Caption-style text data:

- Opening Delimiter -

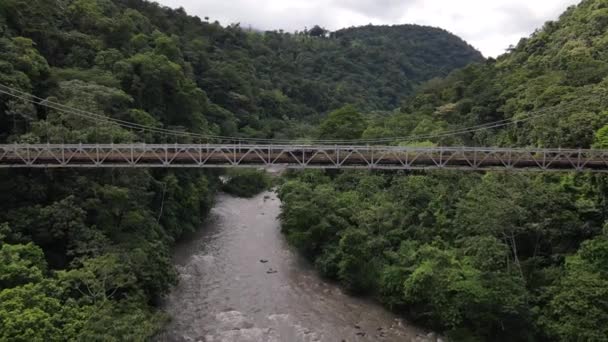 Langzame Luchtverplaatsing Onthullend Een Prachtige Oude Stalen Brug Jungle Van — Stockvideo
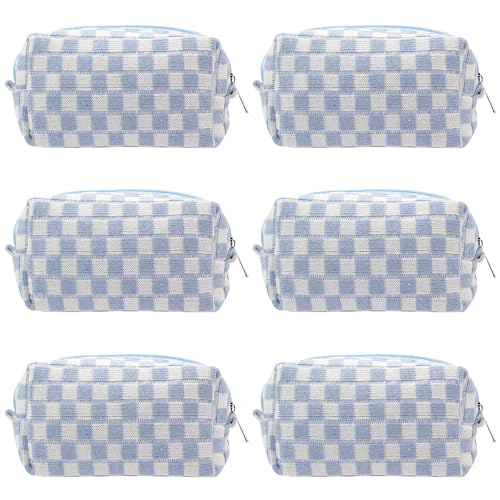 PAZIMIIK Checkered Makeup Bag Set - 6 Pack Cosmetic Pouches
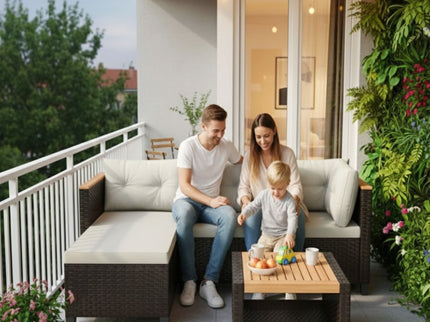 L-Shaped Patio Set With Cushions And Storage Table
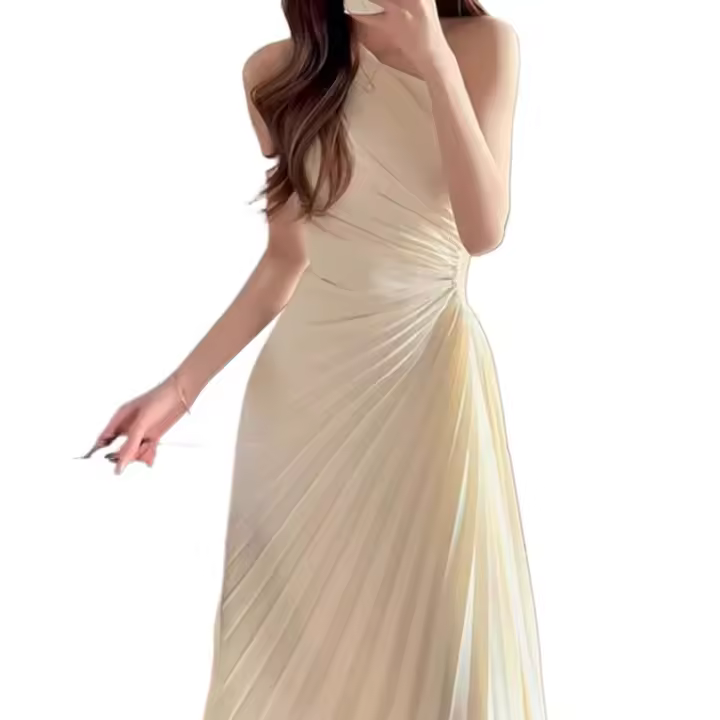 Vestido plisado de acordeón con hombros caídos ahuecados en blanco francés con sensación de alta gama para mujer - 1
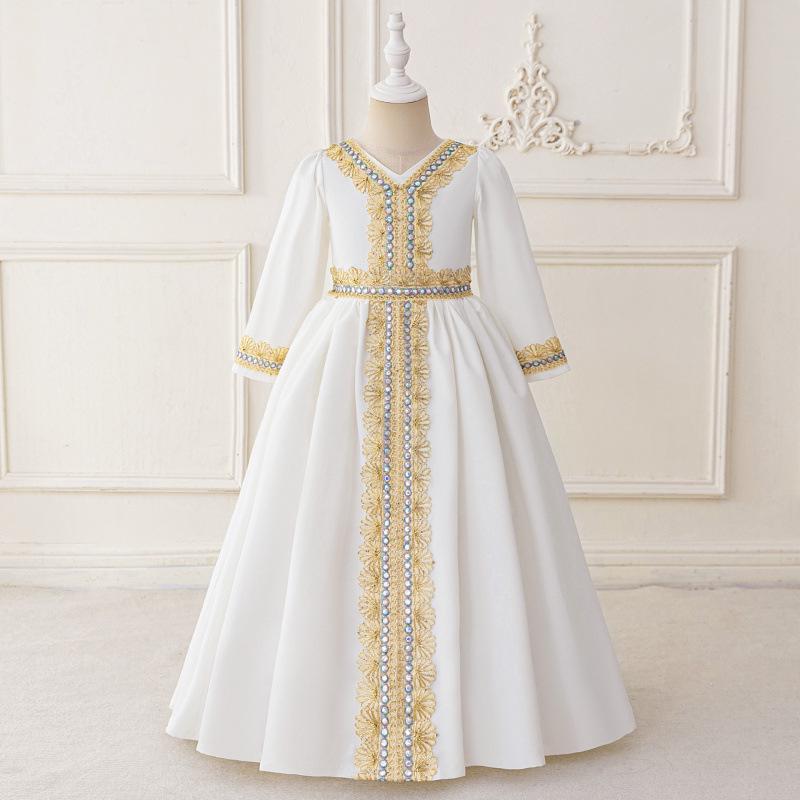 Shein Новое шифоновое дышащее длинное платье-халат для детей с дизайном горячего тиснения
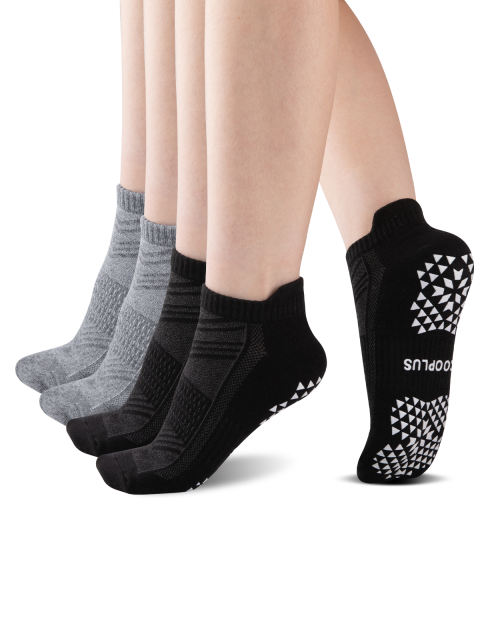 COOPLUS 4 Pairs Non Slip Yoga Socks With Grips For Women Anti-Slip Athletic Socks For Barefoot Workout,Ballet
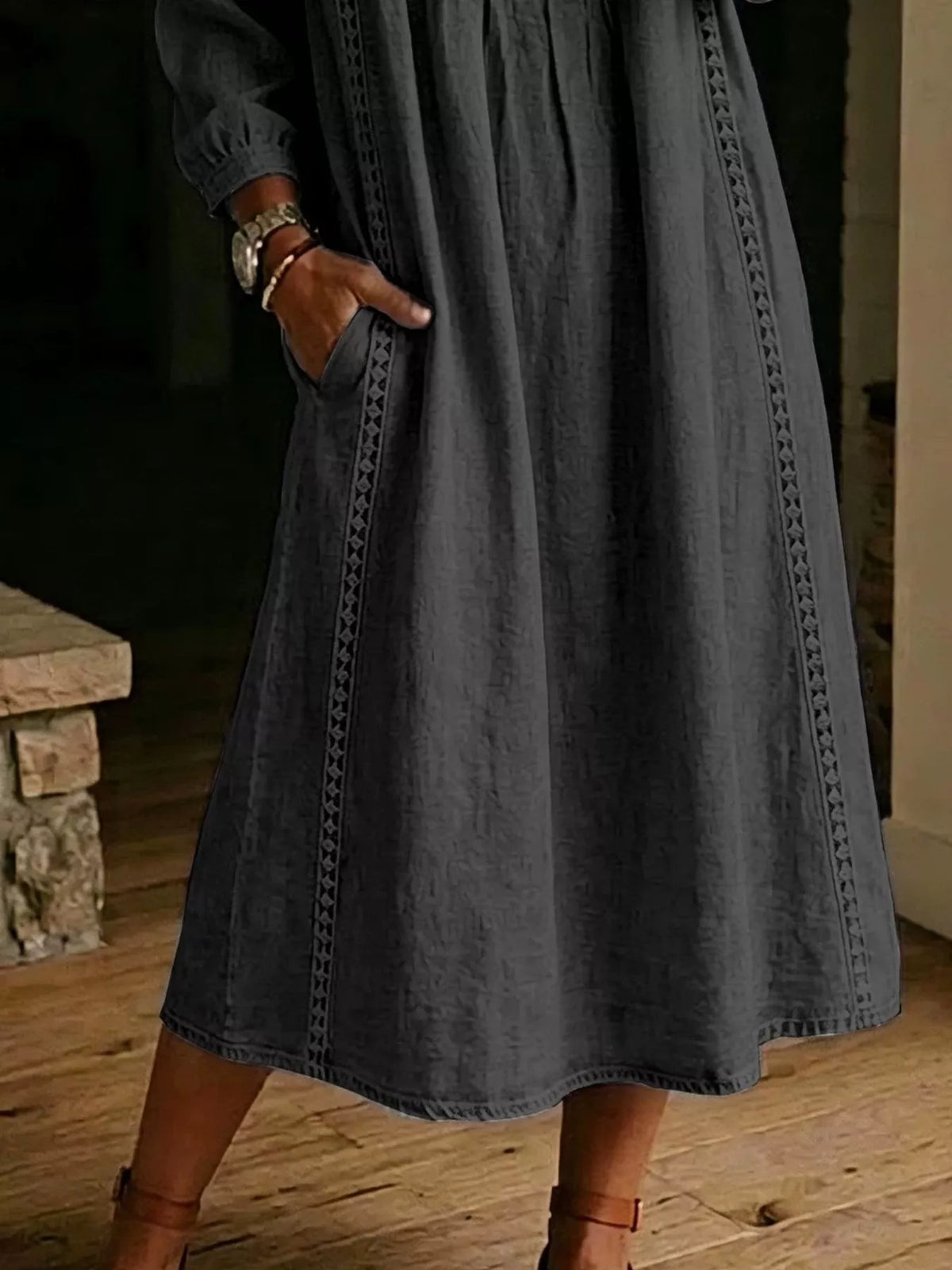 Full Size Lace Trim Long Sleeve Midi Dress Plus Size | STAHlin RADIANCE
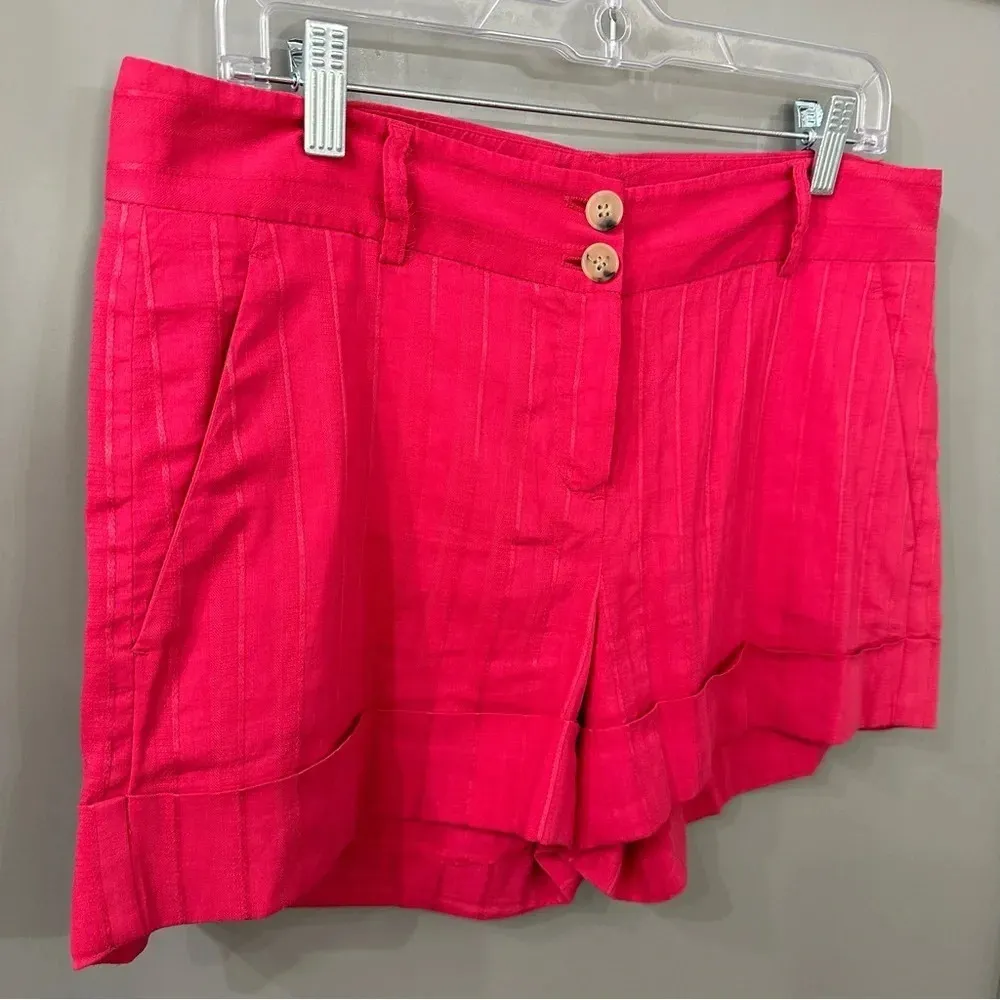 Theory Shorts Pink Pinstriped Linen Shorts Cuffed Hem Size 10 - Image 2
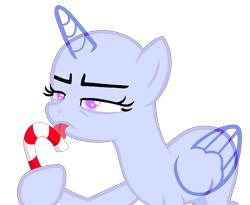 Size: 1024x840 | Tagged: safe, artist:lilith1light, oc, oc only, alicorn, pony, g4, alicorn oc, base, candy, candy cane, eyelashes, female, food, grumpy, hoof hold, horn, licking, mare, simple background, solo, tongue out, transparent background, wings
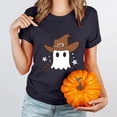 thumbnail image 6 of Wiyuqeen Halloween Pumpkin Shirt Women Funny Ghosts Graphic Tees Short Sleeve Crewneck Fall T-Shirt Thanksgiving Gift Tops S-XXL, 6 of 8
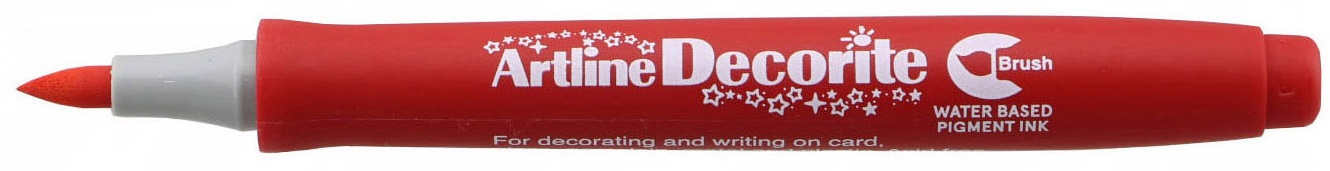 Marker Decorite, varf flexibil (tip pensula) - rosu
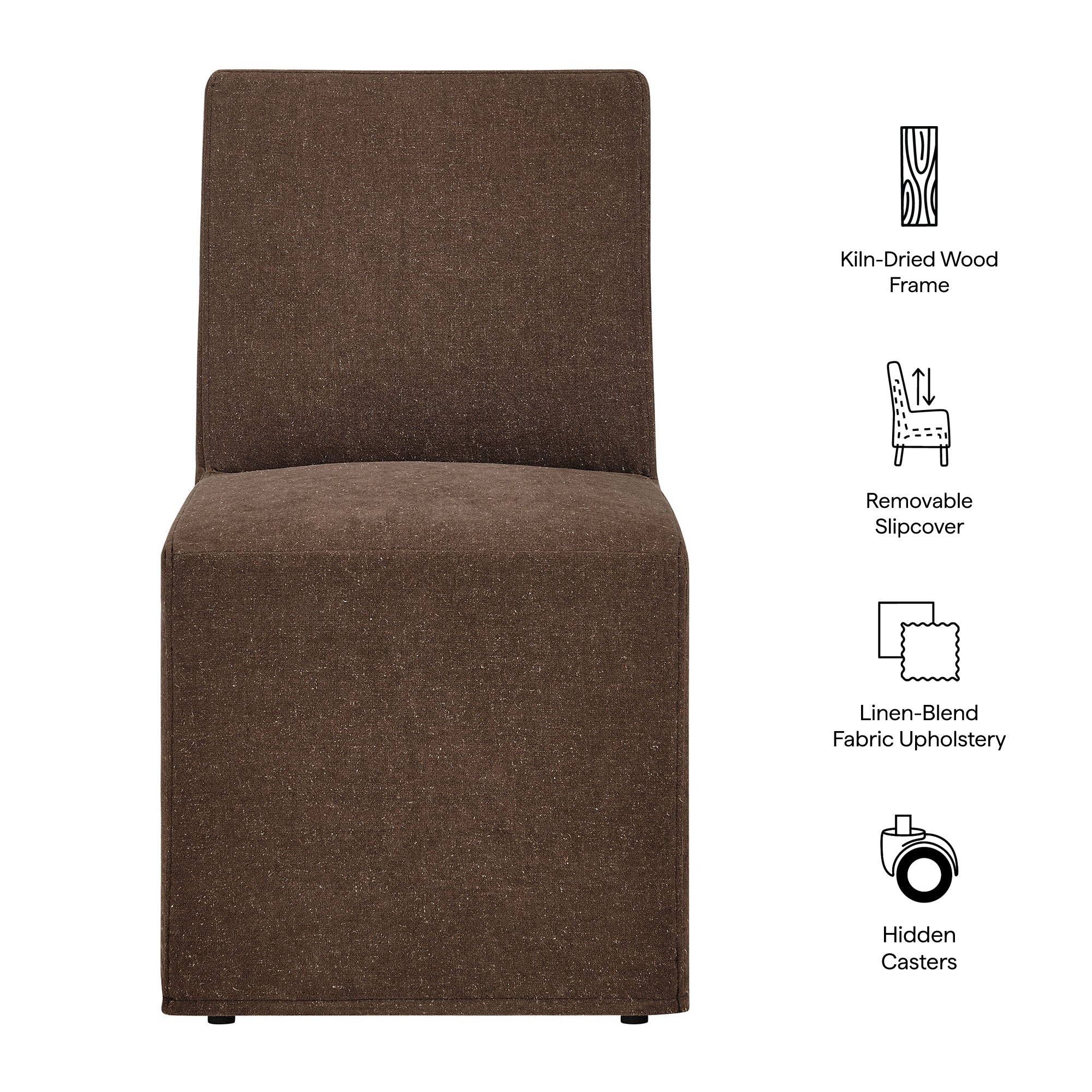 Tessera Upholstered Linen-Blend Slipcovered Dining Chair, Cocoa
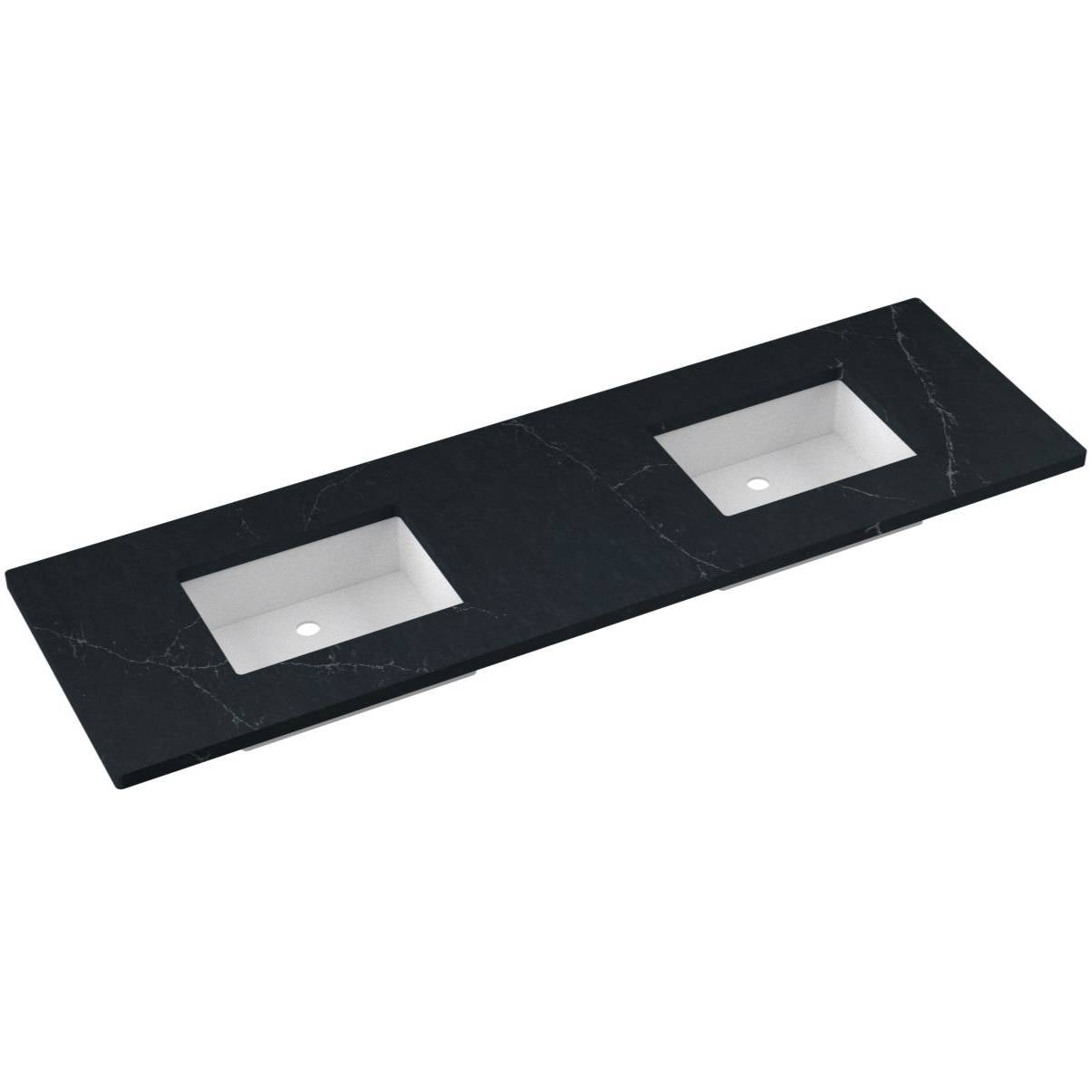 73" Silestone® Quartz Vanity Top Double Rectangle Centered Sink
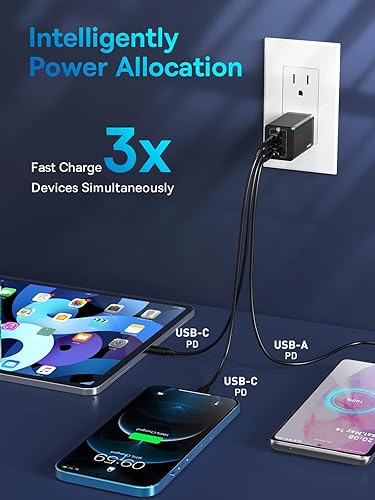 Miniatura 7 de Baseus Banco de energía estación de carga USB C de 65 W 20000 mAh y 65 W y cargador de pared plegable USB C de 3 puertos de 65 W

- Closing Delimiter -

What is required
Each line from the one with "Tessera Upholstered Linen-Blend" through the end of the entries should be reproduced exactly. Leave out the pictures.

Expected answer
 Tessera Upholstered Linen-Blend Slipcovered Dining Chair, Cocoa
 73" Silestone® Quartz Vanity Top Double Rectangle Centered Sink
 Miniatura 7 de Baseus Banco de energía estación de carga USB C de 65 W 20000 mAh y 65 W y cargador de pared plegable USB C de 3 puertos de 65 W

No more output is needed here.